→ Task to complete
Repeat the lines of the data exactly and exclude any picture among them.

- - - -

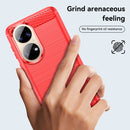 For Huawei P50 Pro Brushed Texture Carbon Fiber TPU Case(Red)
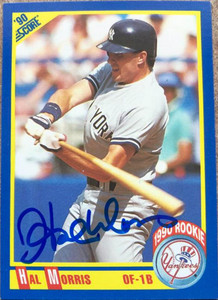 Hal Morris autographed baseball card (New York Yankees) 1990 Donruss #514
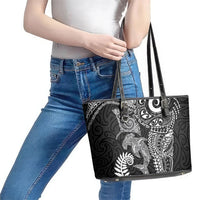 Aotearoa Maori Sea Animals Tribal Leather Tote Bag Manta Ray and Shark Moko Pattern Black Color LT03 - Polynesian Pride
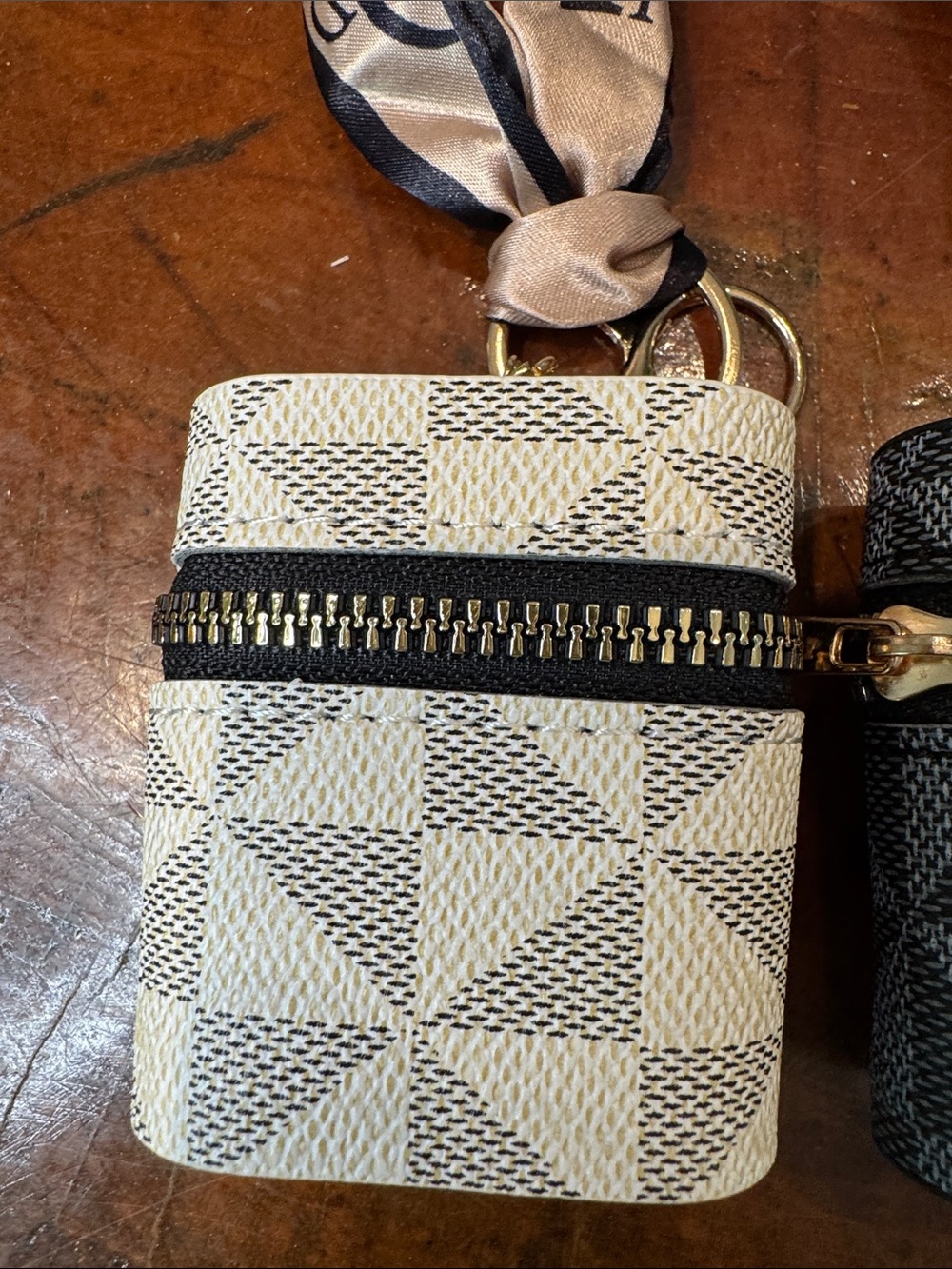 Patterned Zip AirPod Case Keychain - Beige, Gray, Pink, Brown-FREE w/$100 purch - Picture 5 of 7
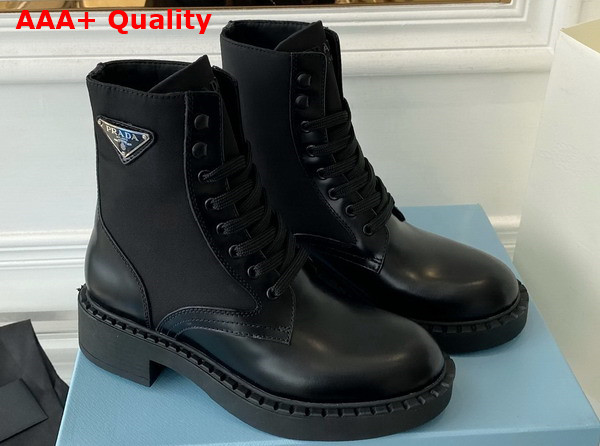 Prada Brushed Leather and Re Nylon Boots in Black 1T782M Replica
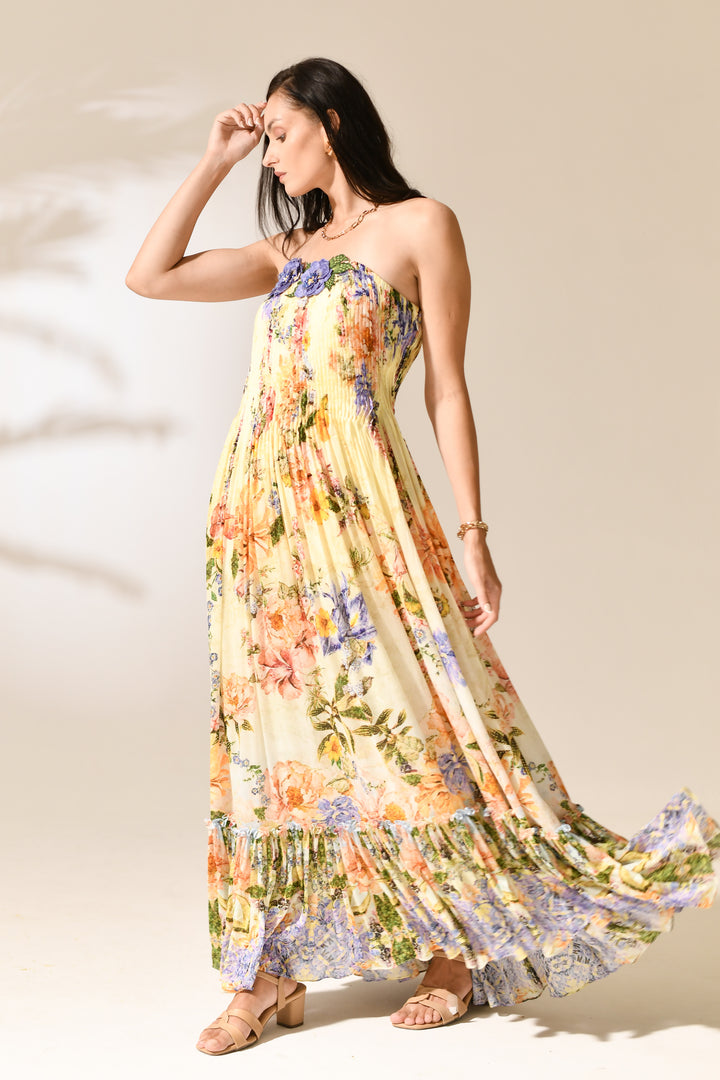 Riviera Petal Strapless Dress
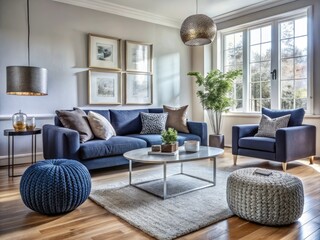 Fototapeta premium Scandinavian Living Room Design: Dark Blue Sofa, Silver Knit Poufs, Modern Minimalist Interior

- - - -

→ Solution below
 For Huawei P50 Pro Brushed Texture Carbon Fiber TPU Case(Red)
 Hal Morris autographed baseball card (New York Yankees) 1990 Donruss #514
 Aotearoa Maori Sea Animals Tribal Leather Tote Bag Manta Ray and Shark Moko Pattern Black Color LT03 - Polynesian Pride
 Patterned Zip AirPod Case Keychain - Beige, Gray, Pink, Brown-FREE w/$100 purch - Picture 5 of 7
 Prada Brushed Leather and Re Nylon Boots in Black 1T782M Replica
 Riviera Petal Strapless Dress
 Fototapeta premium Scandinavian Living Room Design: Dark Blue Sofa, Silver Knit Poufs, Modern Minimalist Interior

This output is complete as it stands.